Kantragada is a village in Palasa mandal, Srikakulam district in the state of Andhra Pradesh, India. It is located 1.5 km from the state Orissa. The village was established on Varahalagadda Stream in the mid-19th century during the British colonial period when people migrated from nearby village Goppili. Kantragada was part of the Tharlakota kingdom under Kalingas.

== Geography ==

The geographical co-ordinates are 18°82'57.84 North and 84°36' 49.25 East with an altitude of 40 m. The Eastern Ghats pass through the village. The foothills of Eastern Ghats like Ghojarai and Bhurujol are very near by. The village is well connected to towns including Palasa (10 km) towards East and Mandasa (14 km) towards North, Garabandha (11 km) towards West and Paralakhemundi (34 km) towards Southwest.

== Transport ==

National Highway 16, a part of Golden Quadrilateral highway network, is 9 km from the village. The nearest railway station is Palasa railway station having a distance of 12 km. The nearest airport is Alluri Sitarama Raju International Airport at a distance of 200 km and Biju Patnaik International Airport is 240 km away.

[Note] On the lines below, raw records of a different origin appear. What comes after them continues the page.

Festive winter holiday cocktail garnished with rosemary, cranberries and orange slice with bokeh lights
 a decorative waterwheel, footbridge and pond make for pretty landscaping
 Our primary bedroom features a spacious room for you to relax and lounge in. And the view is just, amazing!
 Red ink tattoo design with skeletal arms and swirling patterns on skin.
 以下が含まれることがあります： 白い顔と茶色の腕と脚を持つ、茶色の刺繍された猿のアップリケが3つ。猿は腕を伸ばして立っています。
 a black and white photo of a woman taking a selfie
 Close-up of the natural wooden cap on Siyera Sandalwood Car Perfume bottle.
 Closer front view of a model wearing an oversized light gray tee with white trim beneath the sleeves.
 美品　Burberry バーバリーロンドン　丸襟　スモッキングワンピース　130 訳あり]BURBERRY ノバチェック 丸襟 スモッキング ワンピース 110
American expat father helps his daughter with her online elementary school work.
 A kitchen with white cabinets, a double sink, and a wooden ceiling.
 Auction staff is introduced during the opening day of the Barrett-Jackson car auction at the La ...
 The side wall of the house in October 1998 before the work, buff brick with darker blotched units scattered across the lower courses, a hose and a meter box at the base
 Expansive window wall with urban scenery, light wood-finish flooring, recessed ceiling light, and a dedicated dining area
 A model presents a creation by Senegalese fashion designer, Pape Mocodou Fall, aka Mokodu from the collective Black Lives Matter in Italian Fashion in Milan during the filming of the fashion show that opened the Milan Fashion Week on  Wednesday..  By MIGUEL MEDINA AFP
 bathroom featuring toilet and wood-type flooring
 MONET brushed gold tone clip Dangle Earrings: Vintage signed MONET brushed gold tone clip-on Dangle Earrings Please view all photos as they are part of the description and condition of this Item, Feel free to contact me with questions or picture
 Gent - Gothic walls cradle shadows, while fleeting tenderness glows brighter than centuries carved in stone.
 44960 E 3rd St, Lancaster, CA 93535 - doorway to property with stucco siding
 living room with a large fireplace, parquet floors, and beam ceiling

== Administration and politics ==

Kantragada is a part of Rentikota Panchayat and Palasa mandal. Kantragada official language is Telugu. The village comes under Palasa (Assembly constituency) in Andhra Pradesh Legislative Assembly. Kantragada pincode is 532221 and STD code 08945.

== Places of interest ==

The popular Gandahati waterfall is located in Gajapati District of Odisha is just 17 km away. The historical Mahendragiri hills were located around 33 km from the village. Nearest beach is Akkupalli is located at a distance of 23 km.